Kodak HIE filtered: Simulates a combination of film and filter, with many infrared images recorded using a dark red or even a black filter, which blocked the visible radiation, and let only infrared wavelengths reach the film. The resulting images showed dark skies, black water, with haloing around highlights.
Kodak T-Max 100: The least sensitive film in Kodak’s T-Max range, with ISO 100 (pushable to 200) sensitivity and very fine grain. A classic.
Kodak T-Max 3200: With ample reserves of sensitivity (it can be pushed by 2 stops, or to 12,500 ISO), this film has been used both for low-light press photography and for surveillance purposes.
Kodak T-Max 400: The standard for fast black & white films, this film achieved a nearly perfect combination of speed and grain. A favorite among reporters.
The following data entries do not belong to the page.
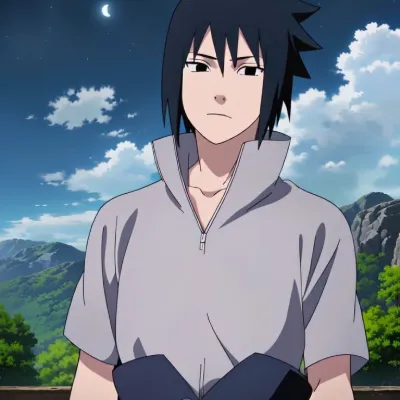 Chat with sasuke uchiha, the  character AI chatbot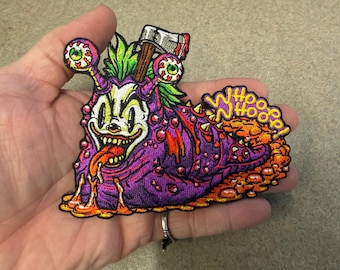 Sluggalo For Life Full Embroidery Patch. DCC inspired fan art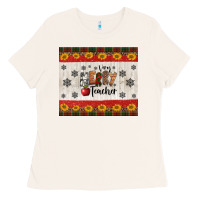 Bone very merry teacher Ladies Tee - Jasminsmagicworld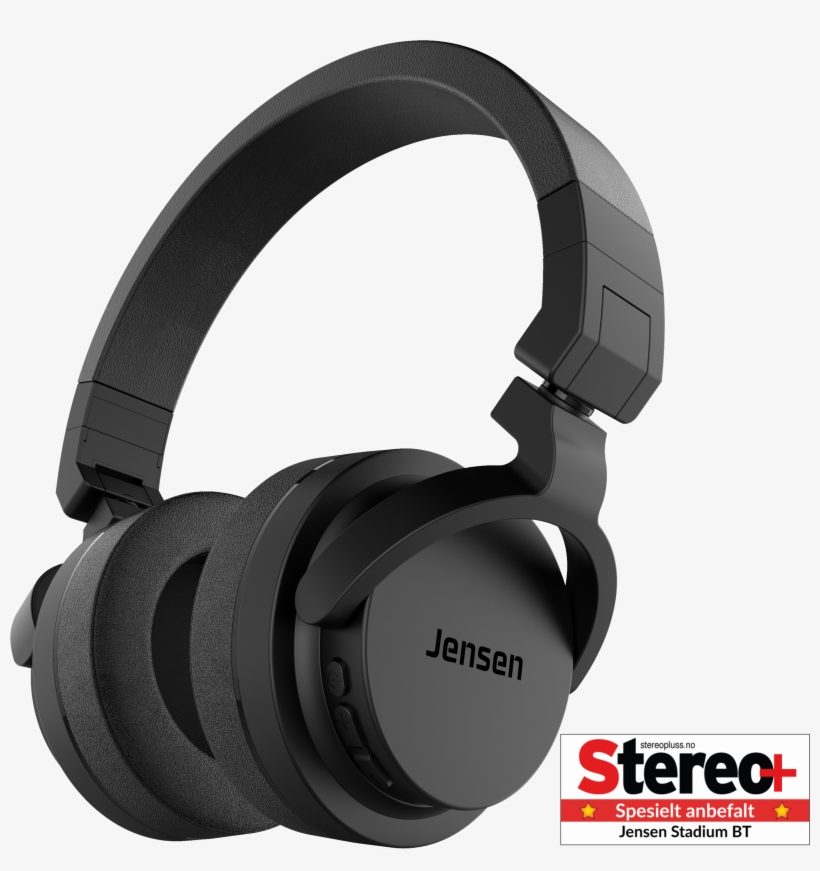 Stadium Bt Wireless Headphones - Jensen Earphones, transparent png #3344928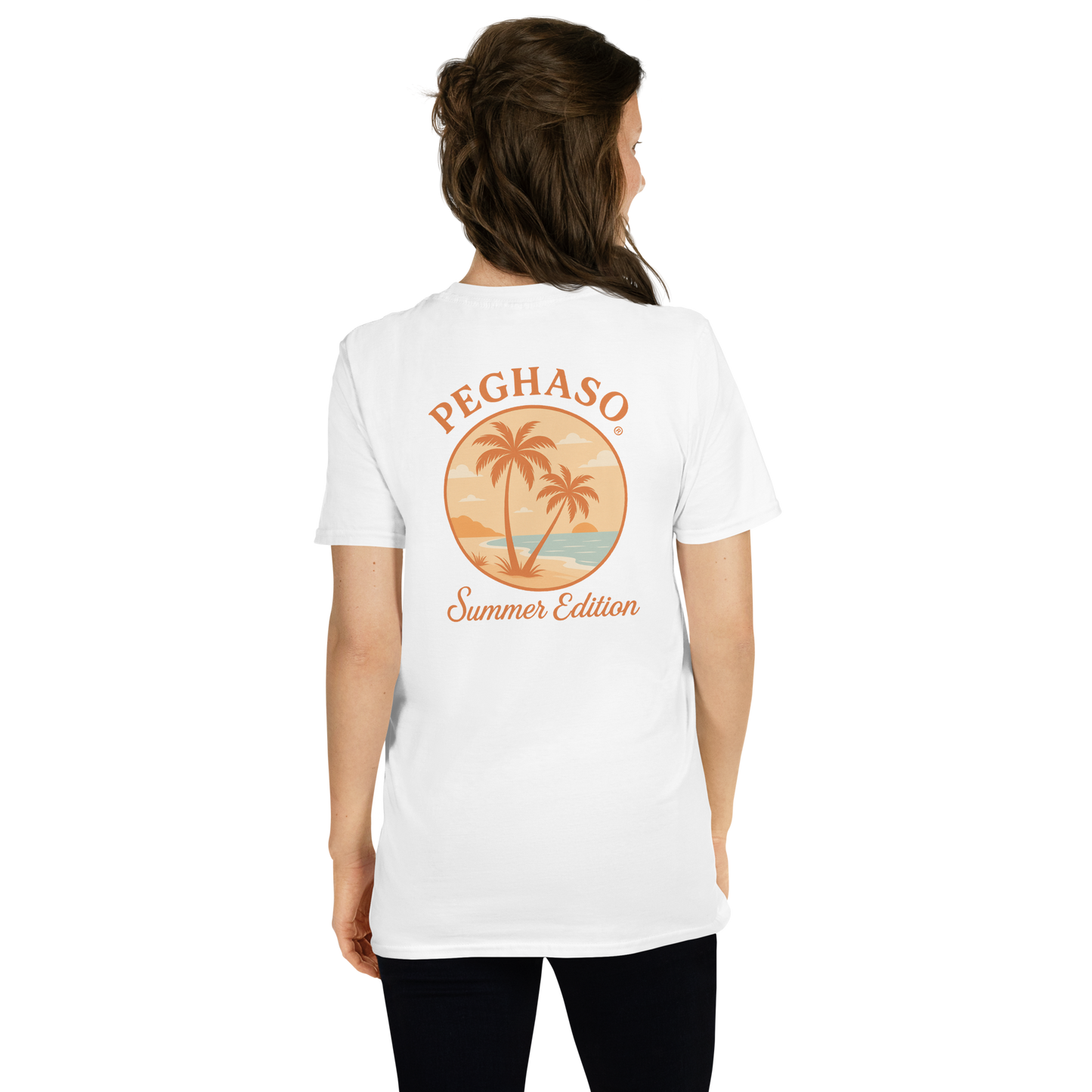 CAMISETA BEACH SUMMER EDITION – PEGHASO®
Kodak Tri-X 400: Arguably most famous film in the world, with legions of award-winning photos to its credit.
Lomography Berlin Kino B&W 400: A panchromatic emulsion with moderate grain, with a high dynamic range and sophisticated tonal spectrum.
Lomography Earl Grey B&W 100: This film has a fine grain, with a high density and high dynamic range. Suitable for punchy portraits and bright outdoor photography.
Polaroid 664: This medium-speed (ISO 100) Polaroid film is a classic, traditionally used for proofing of studio shots.
Polaroid 667: A very high speed (ISO 3000) black-and-white panchromatic film, often used for scientific purposes.
Polaroid 672: The ISO 400 film of reference in the Polaroid line.
Rollei IR 400: A recent infrared film rated at ISO 400.
Rollei Ortho 25: Mainly intended for scientific and copy work. This film has extremely fine grain with a 2-stop sensitivity reserve.
Rollei Retro 100 tonal: Available in 120 and sheet format, a high-quality film for experienced photographers and professionals.
Rollei Retro 80s: Like the Retro 100, this extremely fine-grain film is made by Rollei in partnership with the Maco company. This particular film is derived from a film intended for aerial photography.
Fujifilm Instax 120: Color snapshot film that ensures ideal reproduction of light colors and natural tones.